More Butlers Do It as London Embraces Incomes With Eight Digits

There is a correct way to interrupt coitus, says Rick Fink, who runs a butler school at former British Prime Minister Winston Churchill‘s weekend mansion outside Oxford, England.

“A firm knock on the door, listen for any noises and wait for an order,” Fink, 73, tells his students, dressed in traditional green aprons. “Then address Sir, not the lady or any other companion, until spoken to.”

Demand for the buttling arts is rising in London, where Russian oligarchs and hedge-fund billionaires are employing servants in displays of status unrivaled since Victorian times. Across Chelsea, Mayfair and Knightsbridge “gentlemen’s gentlemen” are decanting claret, ironing creases out of newspapers and even standing ready to pilot airplanes.

“The old-style butler and old money are both few and far between these days,” said Sarah Dawkins, who runs the Guild of Professional English Butlers. “What we’re seeing is the ranks of the super-super-rich coming through, and that is a whole different ballgame.”

The best butlers earn as much as 70,000 pounds ($138,870) a year, twice as much as the average compensation for a software programmer in London, and get free board and lodging.

The number of butlers registered with Greycoat Placements, the servants’ employment agency that is part of Empresaria Group Plc, has almost doubled to more than 5,000 over the past five years, Managing Director Stephanie Rough said.

While there are no reliable figures for the number of butlers in the U.K., the London-based Work Foundation estimates there are about 2 million people in domestic service in the country, the most since the Victorian era.

Hedge Funds, Russians

Supply is responding to demand, Rough said in her office a few hundred yards from Buckingham Palace. Hedge funds that employ butlers are a “growth area,” and there’s been more demand from Russians, she said.

“Butlers are hired to simply get things done,” saidSebastian Hirsch, who’s been working for four years at a London- based investment firm that he declined to identify. “But they’re also used to impress clients and friends as a status symbol. For the newly wealthy, like Russians, who want an entrance to society, having a butler is the right choice.”

Hirsch said one of his butler friends flies his boss to destinations around the world in a private plane.

“Butlers are educating people as they know a lot more than we do” about how to behave in high society, said Anatoliy Zaslavchik, head of corporate finance at Kiev, Ukraine-based investment firm Sincome Inc., who has had an English butler for “years.”

Three Times Wealthier

Inner London is now three times wealthier than the rest of Europe, according to the European Union’s statistics office. The wealth of the city has almost doubled in the past decade, driven by the “commuter flow” of non-residents, including the very rich, the agency said in a February report.
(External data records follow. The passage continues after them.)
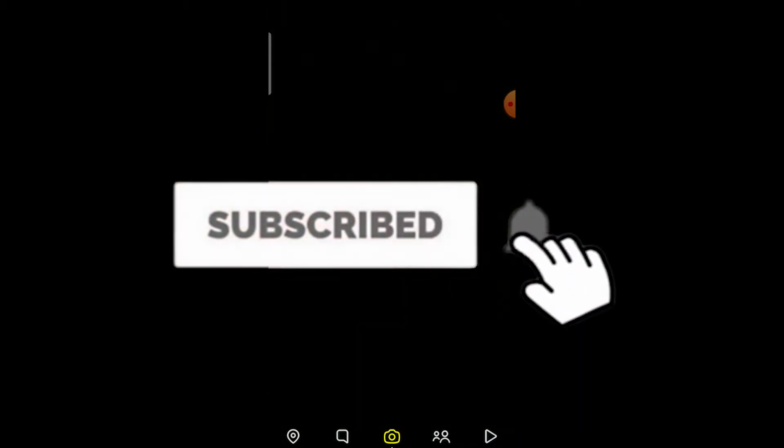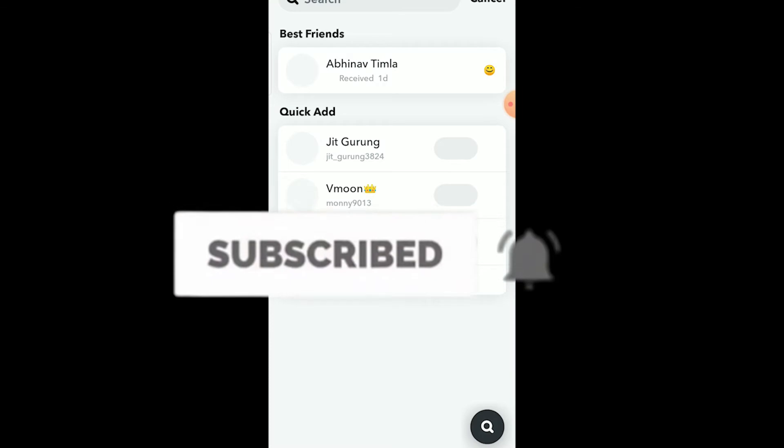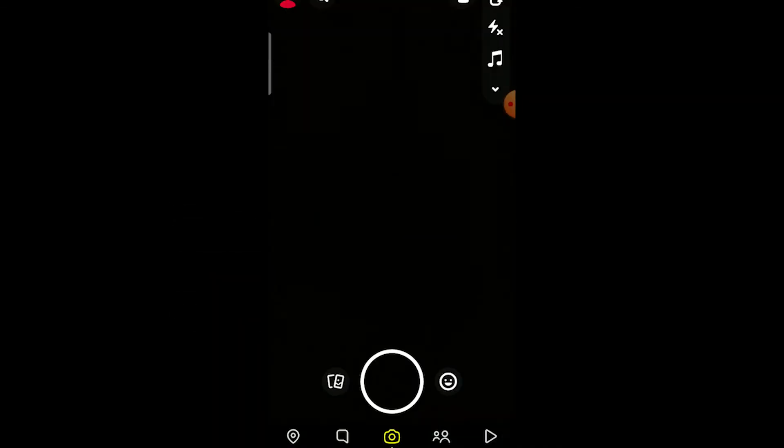But before I show you how, be sure to hit that like and subscribe with notifications on, and comment down below what type of video we should make next. Watch this video until the end without skipping, because if you skip, you might get confused on how to fix this problem.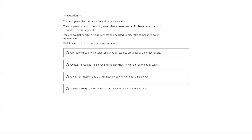Next question: your company plans to move several servers to Azure. Company policy states that a specific server must be in a separate network segment. You are evaluating which Azure services can be used to meet the compliance policy. In order to segregate a particular server, you need to create a separate virtual network — one virtual network for that server and another for all remaining servers.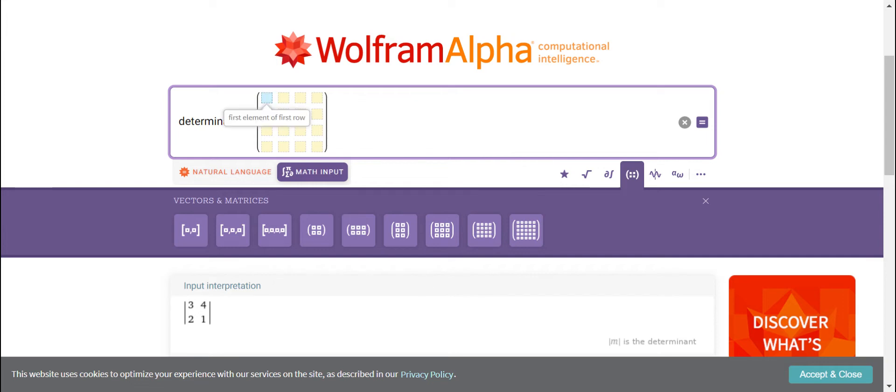So the first thing we need to do here is to search in Google for Wolfram Alpha, just type it and then there are various selections. You need to select the determinant and then it will show you this screen.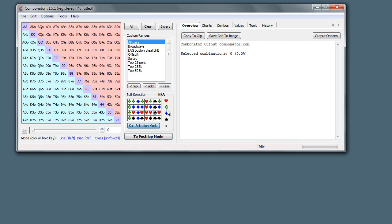The other way to do it is we could have just clicked heart here, that would have selected them all. Or we could do hearts and clubs, let's say. You can see in yellow here just the ones with either a heart or a club are in.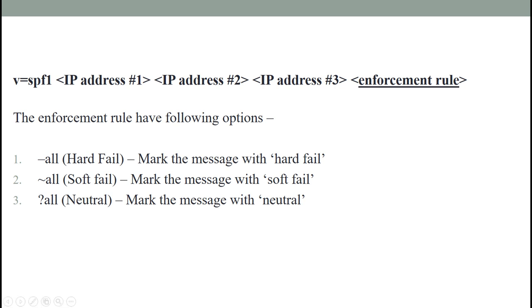The enforcement rule usually has three options. The first is hard fail. The -all indicates the SPF failure and should be considered as hard fail. Whether or not the hard fail should result in the message being rejected depends on how it is configured in the anti-spam solution.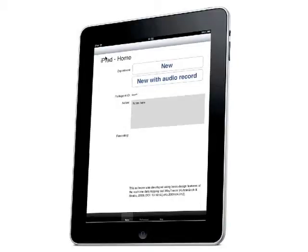This short movie aims to introduce an iPad app known as IPFAD. FAD means path in German. Here is IPFAD's homepage, where new participant records are entered, and where the experiment recording phase is initialised.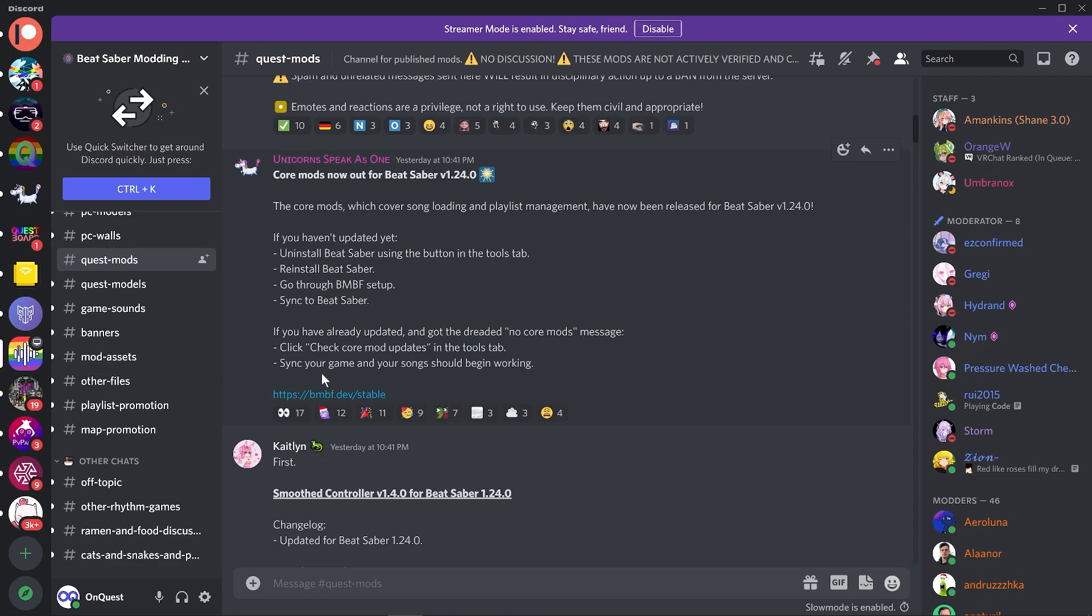If you have already updated and got the dreaded 'no core mods' message, click 'Check Core Mod Updates' in the Tools tab, sync your game, and your songs should begin working. Updating from previous versions of the game will keep all custom levels you had installed.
Rich expatriates want locally trained butlers and household help to create the true atmosphere of an English stately home, according toSh4dow Security, which finds security and domestic staff for wealthy families.
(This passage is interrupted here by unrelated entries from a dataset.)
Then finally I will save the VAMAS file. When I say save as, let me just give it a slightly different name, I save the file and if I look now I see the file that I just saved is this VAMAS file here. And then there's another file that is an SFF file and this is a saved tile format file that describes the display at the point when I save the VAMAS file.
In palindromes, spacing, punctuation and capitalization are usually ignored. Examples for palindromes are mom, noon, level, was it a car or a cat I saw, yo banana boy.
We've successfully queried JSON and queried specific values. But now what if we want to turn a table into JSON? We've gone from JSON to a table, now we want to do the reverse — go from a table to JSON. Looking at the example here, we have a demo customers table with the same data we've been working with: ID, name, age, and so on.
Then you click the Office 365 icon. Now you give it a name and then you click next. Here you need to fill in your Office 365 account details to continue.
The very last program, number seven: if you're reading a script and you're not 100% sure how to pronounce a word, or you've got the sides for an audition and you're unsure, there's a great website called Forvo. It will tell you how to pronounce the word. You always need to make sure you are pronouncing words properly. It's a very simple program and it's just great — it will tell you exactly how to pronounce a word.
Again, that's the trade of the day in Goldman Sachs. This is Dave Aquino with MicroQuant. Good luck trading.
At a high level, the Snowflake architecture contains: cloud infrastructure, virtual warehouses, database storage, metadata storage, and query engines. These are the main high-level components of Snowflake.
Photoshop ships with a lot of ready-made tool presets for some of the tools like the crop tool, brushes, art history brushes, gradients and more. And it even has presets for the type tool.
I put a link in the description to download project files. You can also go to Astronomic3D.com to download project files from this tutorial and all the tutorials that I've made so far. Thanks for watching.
However, a mansion and a butler do not an aristocrat make.

To address this, Greycoat has started an advisory business for the newly wealthy. The company also offers tips on how many staff to employ in what capacity and how to treat them.
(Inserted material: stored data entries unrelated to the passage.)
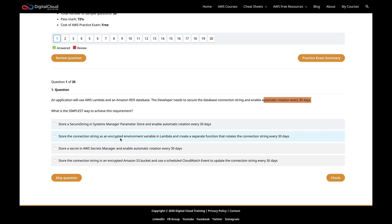The first option is: store the connection string as an encrypted environment variable in Lambda and create a separate function that rotates the connection string every 30 days. Straight away you can tell that this is not simple. We've got dedicated services designed for storing this type of information, so while you can do it yourself with an encrypted environment variable and write your own functions, that's clearly not going to be the easiest way.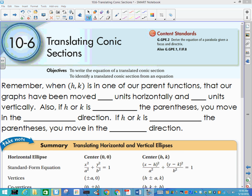This lesson concludes our study of conics. This is the end of Chapter 10-6, Translating Conic Sections. We have been working on this all year, so hopefully this will be an easy lesson to conclude with.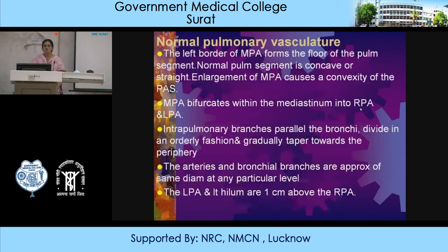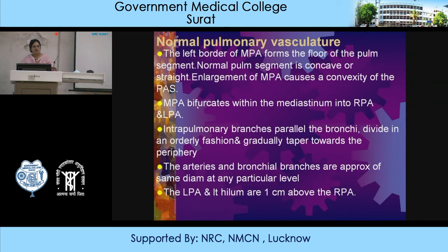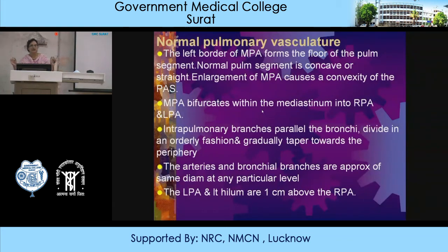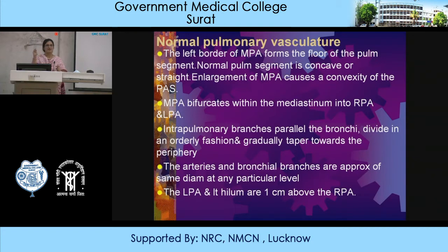Normal pulmonary vasculature: the left border of the MPA forms the floor of the pulmonary segment. The normal pulmonary segment is concave or straight; enlargement of the MPA will cause convexity of the pulmonary arterial segment. The MPA bifurcates within the mediastinum into the right and left pulmonary arteries. Intrapulmonary branches parallel the bronchi, dividing in an orderly fashion and gradually tapering towards the periphery. The arteries and bronchial branches are approximately the same diameter at any level. The left pulmonary artery and left hilum are 1 cm above the right pulmonary artery because the left pulmonary artery arches over the left main bronchus.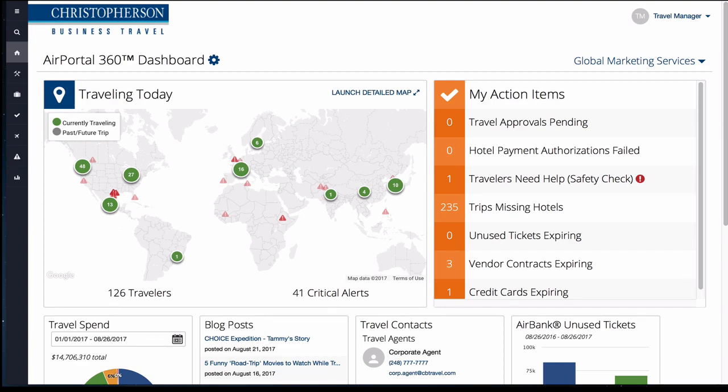Welcome to the AirPortal training tutorial series. This video will familiarize you with the basic navigation of the AirPortal 360 dashboard. Let's get started.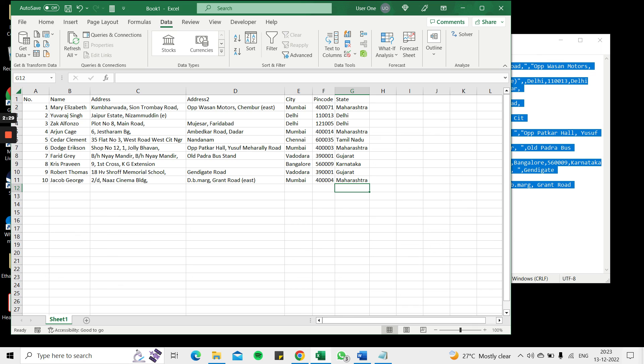This is how to paste comma separated values in Excel. Please read the appended article for further guidance.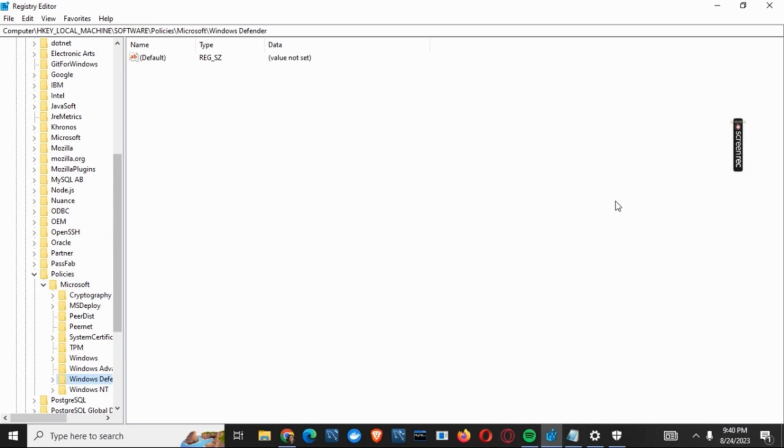Now if you want to regain it, you can just delete this file. That's all for today. For more such content, do not forget to hit the like and subscribe button.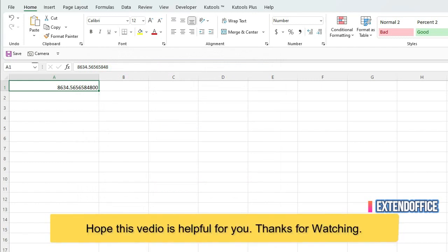Hope this video is helpful for you. Thanks for watching. Subscribe for getting newest Excel skills at first time.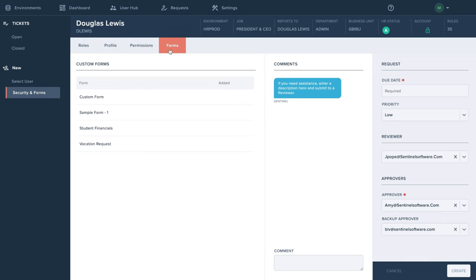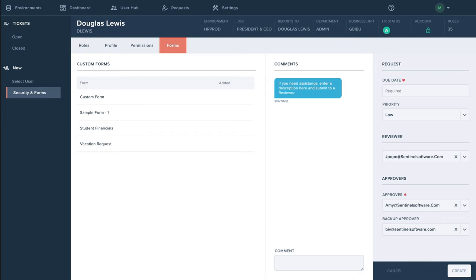Sentinel provides an option to create custom forms to attach to access requests. If your request requires additional assistance, you can add a comment.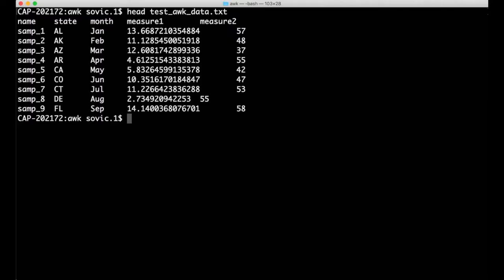Let's first preview the example file that we'll work with. In this case, it's a tab-delimited text file with five columns and a thousand rows of data. The columns include a generic sample name for each sample, US state name abbreviations, months, and then two columns of measurements. I generated these data by sampling randomly from defined distributions so they don't have any real meaning beyond serving as an example for using AWK.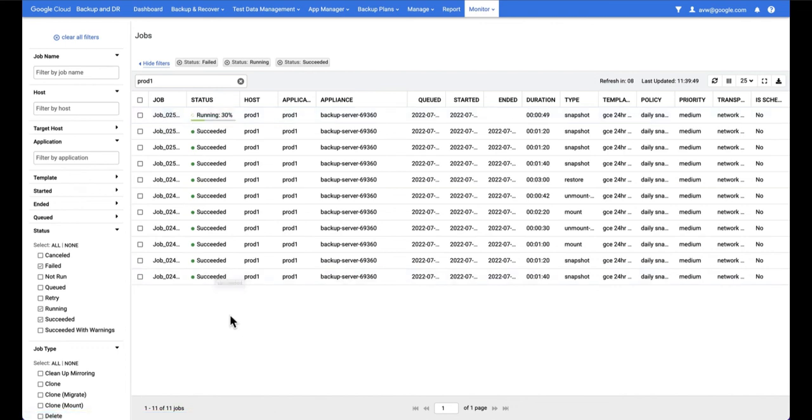Obviously the main thing here is that I have jobs that have run which means that I have backups that have been created which means I have backups I can now use. So in the next video we'll talk about how you actually make use of the backups that you're creating.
It’s just not done, for example, to invite servants to sit with you during a meal, offer them the use of your car or swimming pool when you’re out of town, or to say “thank you” for every task performed, Greycoat said.

A Way of Behaving

“The employer will invariably step over the line at some point, and it is up to the employee to keep that division,” Rough said. “It’s the one big thing we teach.”

Traditionally, the butler is the head of the household, responsible for the hiring and firing of other domestic staff.

Modern butlers have the additional task of mentoring their employers in the rules of English etiquette, such as referring to the “lavatory” when the boss uses the word “toilet,” or remarking upon how much better linen looks on a dining table instead of paper napkins.

“There is a way of behaving in certain circles, and the newly wealthy may not fully understand those ways,” said Dawkins of the butlers’ guild. “Employers look to the butler not only to serve but to show them what should and shouldn’t be done.”

At Ditchley Park, 70 miles northwest of London, Fink, a butler for more than 50 years, teaches the old-fashioned style of service. Students pay 7,900 pounds ($15,600) for a four-week course, and required reading is “Mrs Beeton’s Book of Household Management”(first published in 1861).

Samuel Tebby, a 21-year-old former ballet dancer, believes the course is worth the money, especially if he can land a place at Buckingham Palace’s three-year butler trainee program.

“Working for the queen, you don’t get paid that much money,” he said. “But afterwards, if you’ve got Buckingham Palace on your CV, you’re really in demand.”